Sometimes I find that my curiosity leads me places heretofore undiscovered. Today, I had gotten a PM from someone at a forum I'm helping out with and I found out someone had an LJ that I didn't know had an LJ and I went to look around and see what they were up to....which was awesome...but through this person, I discovered a community I'm sure many of you are aware of,
spn_award . Naturally, I was curious, which is how this whole thing started, oddly enough, and I looked around.
Apparently, it's a new community where you can nominate fellow Supernatural artists, writers, fans, etc. for various categories of awards. My first thought was, who can I nominate? My second reaction was of how this was supposed to be a great way to support fellow SNers (and it is) and suddenly, I'm letting myself feel that old, ugly, creeping jealousy/disappointment knowing I'd never be nominated, much less win anything no matter what the category. And I feel bad, because this is such a selfish thing to think. Even if that did happen, I'd then feel guilty about it because I had these thoughts in the first place.
I used to participate in various awards communities, but after a while, I just quit. I always ended up with two dilemmas. If I never got nominated/won, I felt like it was because I was so far below my peers--which just sucks to feel that way. If I did get nominated/won something, I'd wonder if I really deserved it in the first place or if I'd gotten it by having an awesome friend or two out there...and feel guilty because I was being such a jealous witch in the first place. *sigh* It's a circle. Also, many times I'd see really talented people overlooked because someone else had enough buddies to help them out--which seemed so unfair.

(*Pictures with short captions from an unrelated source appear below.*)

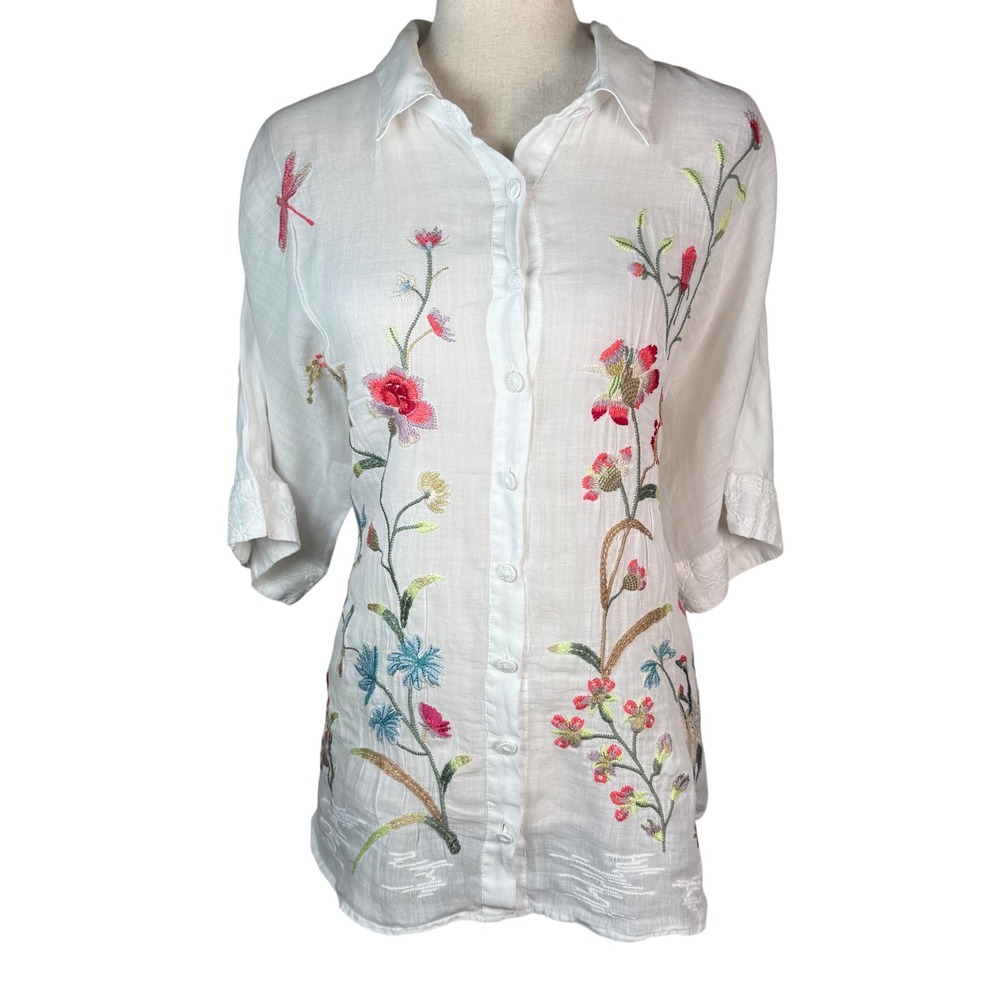 Johnny Was Workshop Embroidered Shirt Womens Medium White Ramie Boho Floral Bird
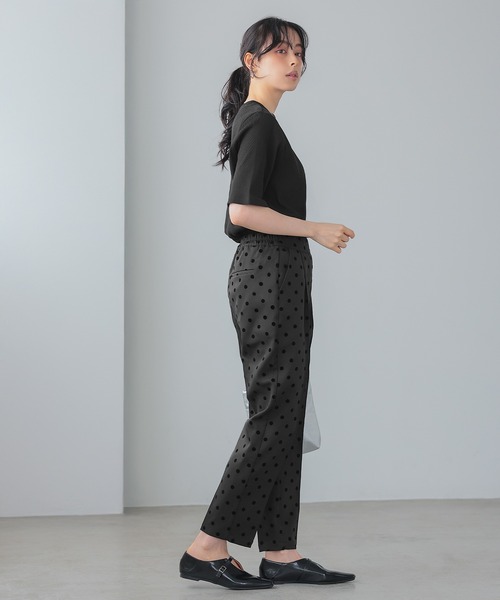 itto スラックス パンツ フロッキードットピンタックパンツ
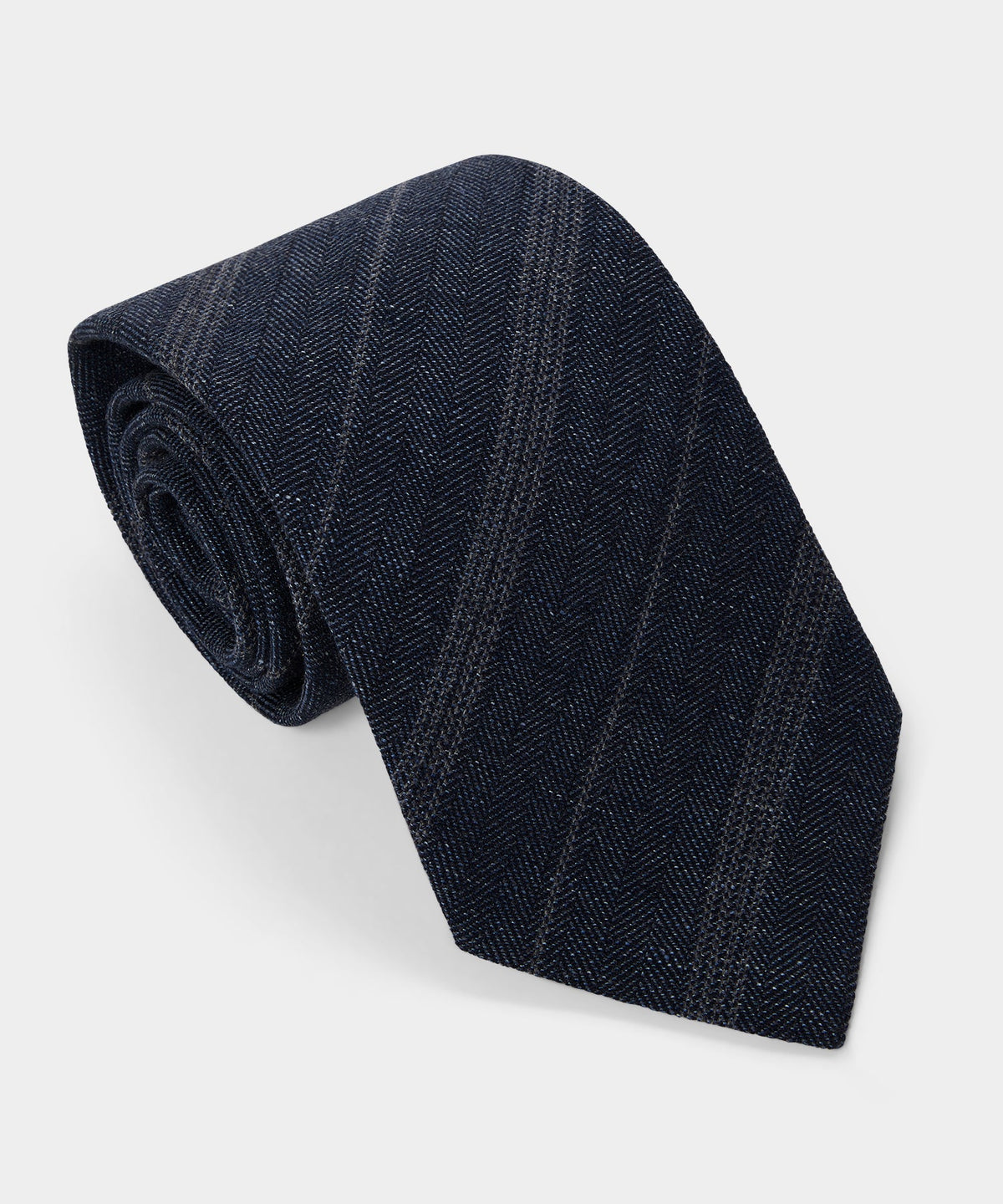 Todd Snyder Italian Wool-Linen Stripe Tie - Navy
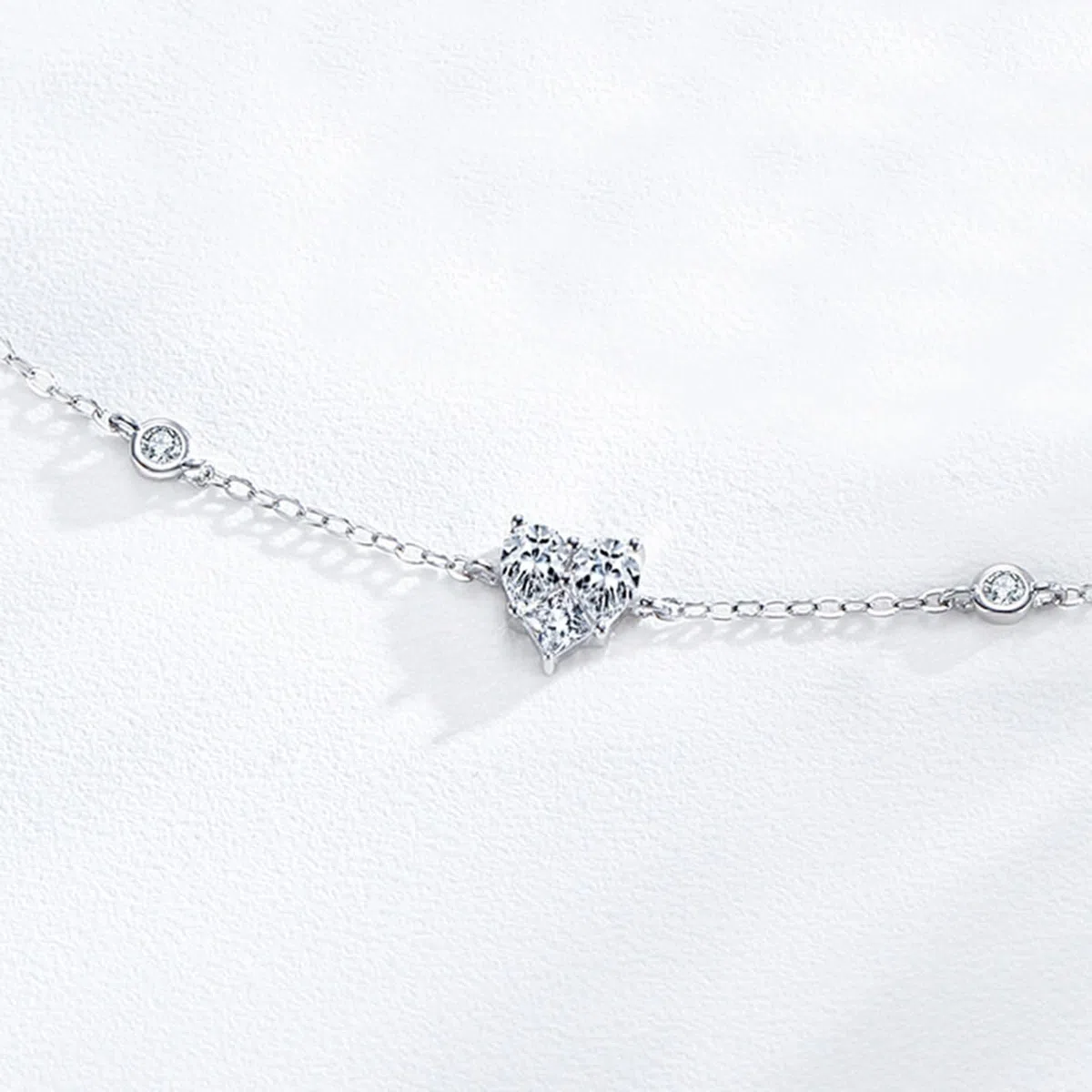 Pulseras de Mujer de Oro Blanco 9Kilates / 14Kilates / 18Kilates, Corazón con Diamante Creado de 0,25 ct, Cadena Extensible 16 CM + 5 CM, Pulsera de Plata de Mujer Ajustable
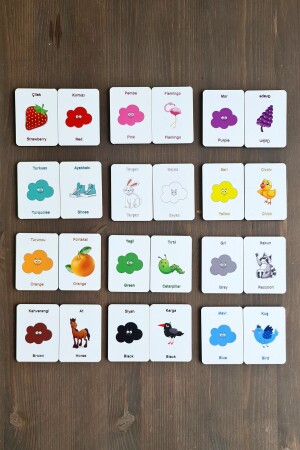 بطاقات استخباراتية من الخشب من نوع MNZ تطابق لعبة لعبة اللغز الخشبية (ألوان) - Metafortoys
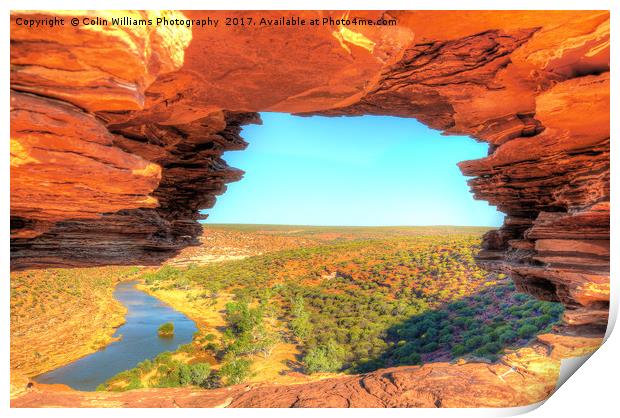 Natures Window Kalbarri National Park  4 Print by Colin Williams Photography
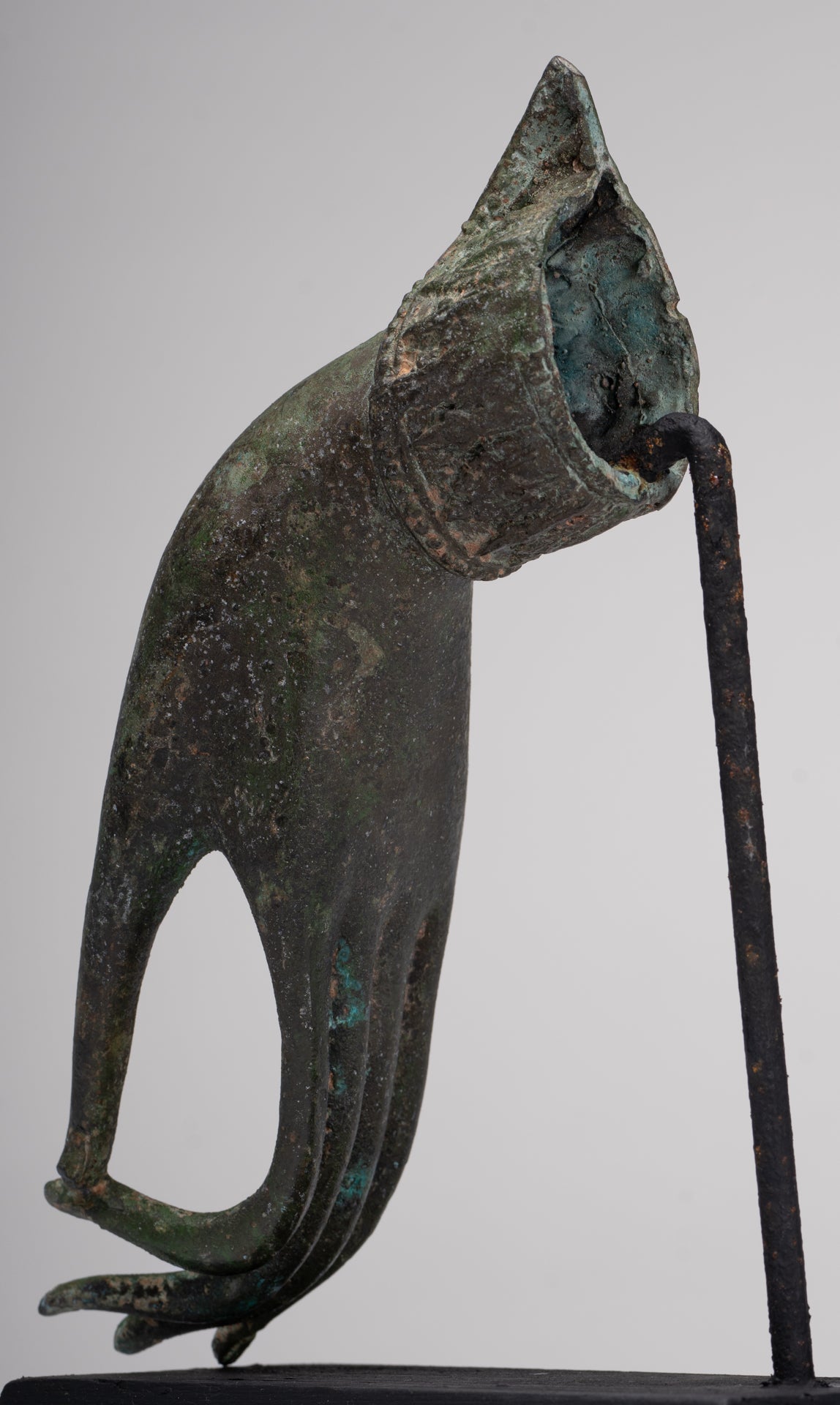 Mounted Antique Thai Style Southeast Asia Bronze Thai Teaching Hand - 25.5cm/10"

Ultimately, I ended up deciding I was better off not participating at all so, therefore, I wouldn't have to know what was going on and wouldn't feel bad either way.
But now I find myself at the crossroads again. My gut instinct is to move along and just pretend I don't know about the community at all because I'm better off and happier not knowing about it. However, I feel guilty because, shouldn't I at least be there supporting those I feel are worthy and deserving of some recognition? Isn't it a little selfish of me to not provide support to others simply because I'm a petty, jealous, messed up person? Then I think, seriously, what is the big deal? Participate, don't participate it doesn't really matter. It's supposed to be for fun and celebratory anyway.
Why do I have to make every single thing so complicated?
Anyway, I don't even really know why I'm posting this except, I guess I just wanted to know if anyone else ever feels this way? As for me, more than likely, I'll put on my big girl panties and go over later to nominate a few people this go-around and then, likely try to forget about the whole thing. It's a compromise ;).